=== Section Start ===

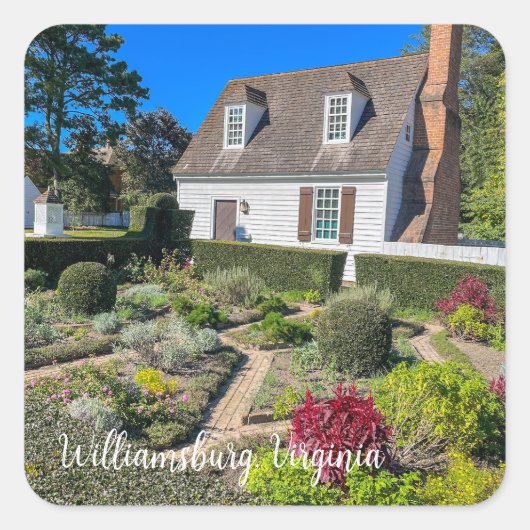 Colonial Williamsburg Virginia Vierkante Sticker (Voorkant)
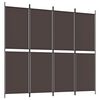 vidaXL 4-tlg. Paravent Braun 200x180 cm Stoff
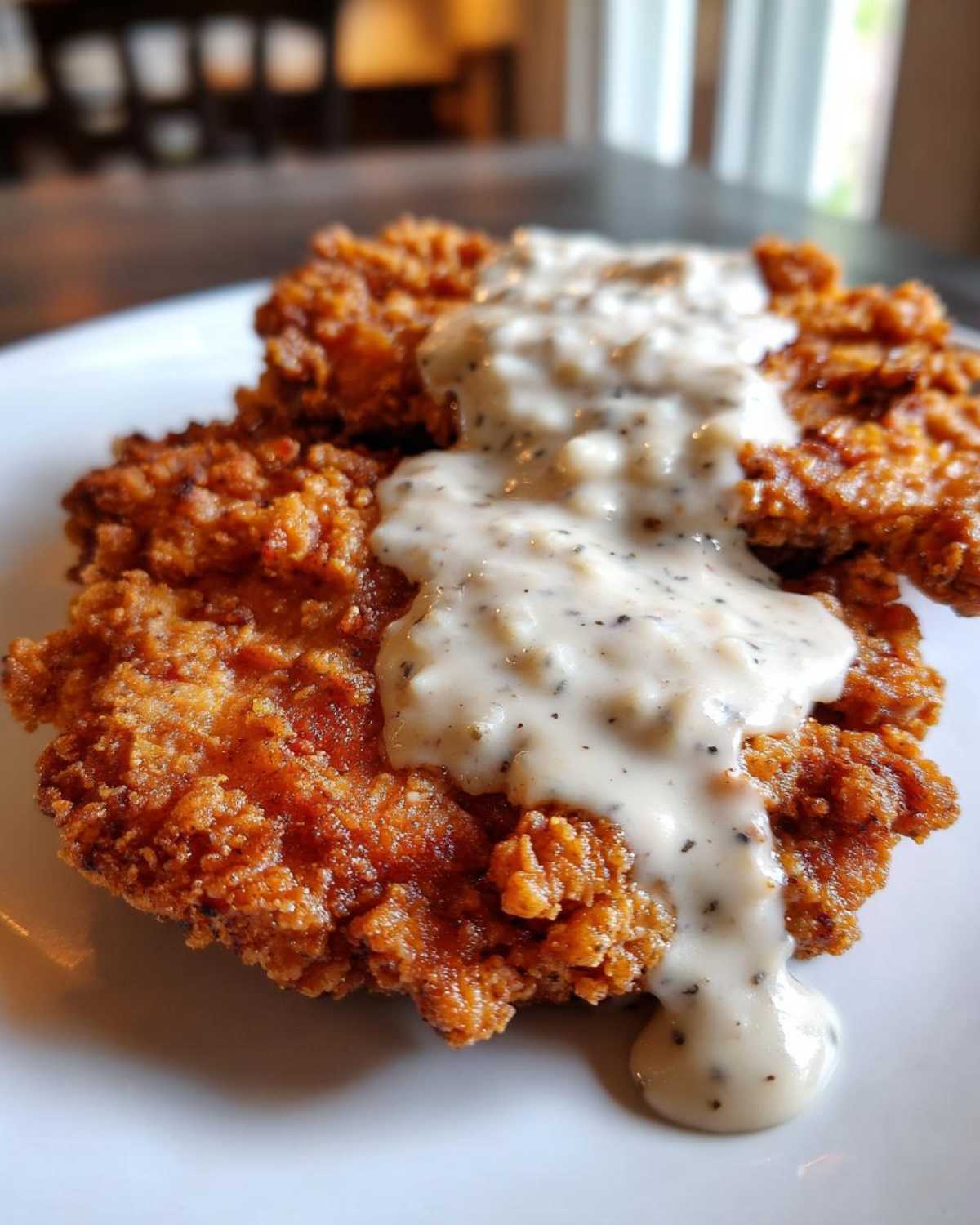 Close-up of a golden brown, crispy chicken fried steak smothered in creamy, peppered country gravy.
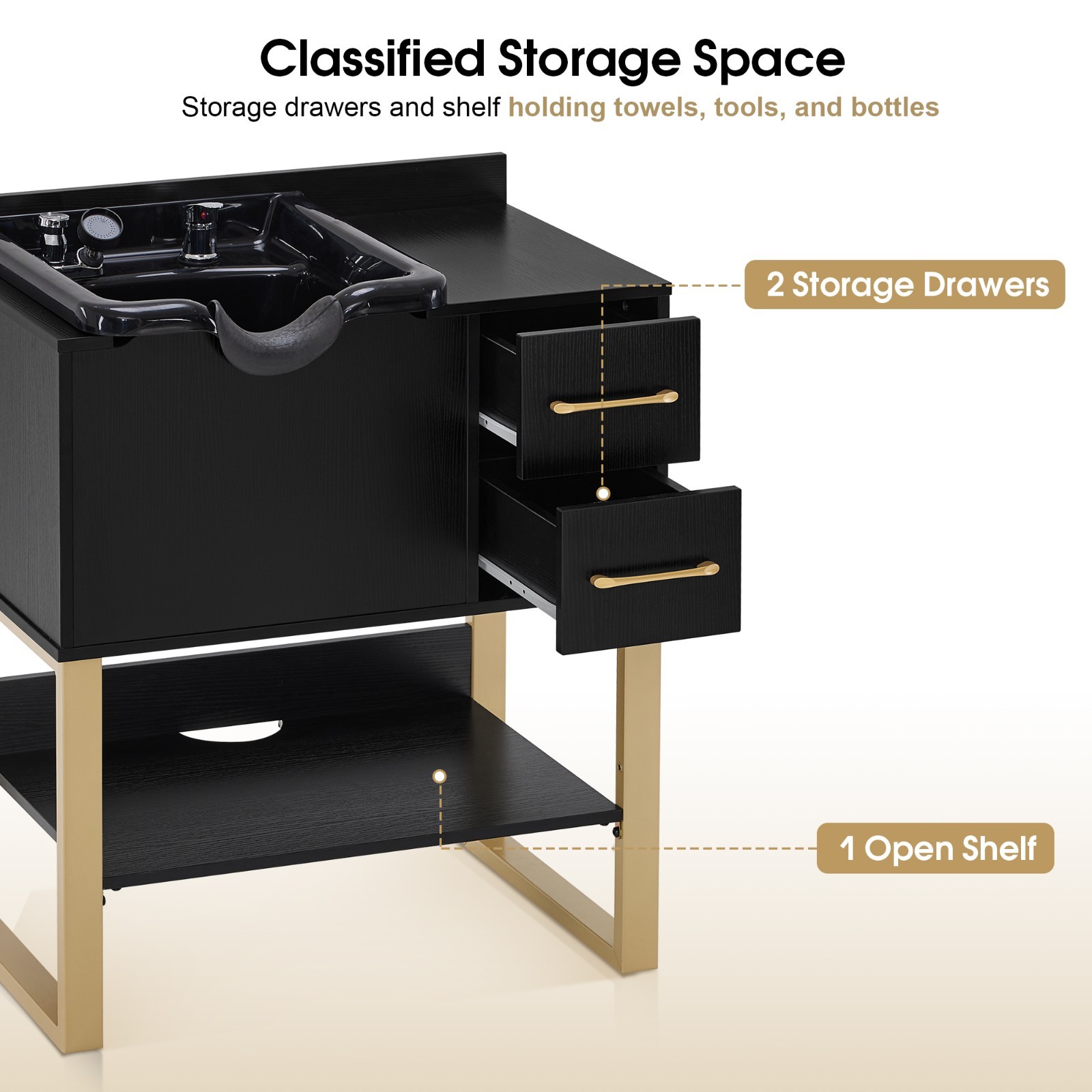 BarberPub Shampoo Cabinet with Sink, Salon Backwash Station with Bowl 7135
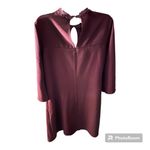 Madison Leigh  Lace Cutout Mock Neck Burgundy Wine Mini Dress Photo 2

=== Section End ===

* _Task instructions_
With all pictures excluded, output exactly the lines from the one containing "vidaXL 4-tlg. Paravent" through the final line of the entries, inclusive.

* _Exercise output_
 vidaXL 4-tlg. Paravent Braun 200x180 cm Stoff
 Close-up of a golden brown, crispy chicken fried steak smothered in creamy, peppered country gravy.
 BarberPub Shampoo Cabinet with Sink, Salon Backwash Station with Bowl 7135
 Madison Leigh  Lace Cutout Mock Neck Burgundy Wine Mini Dress Photo 2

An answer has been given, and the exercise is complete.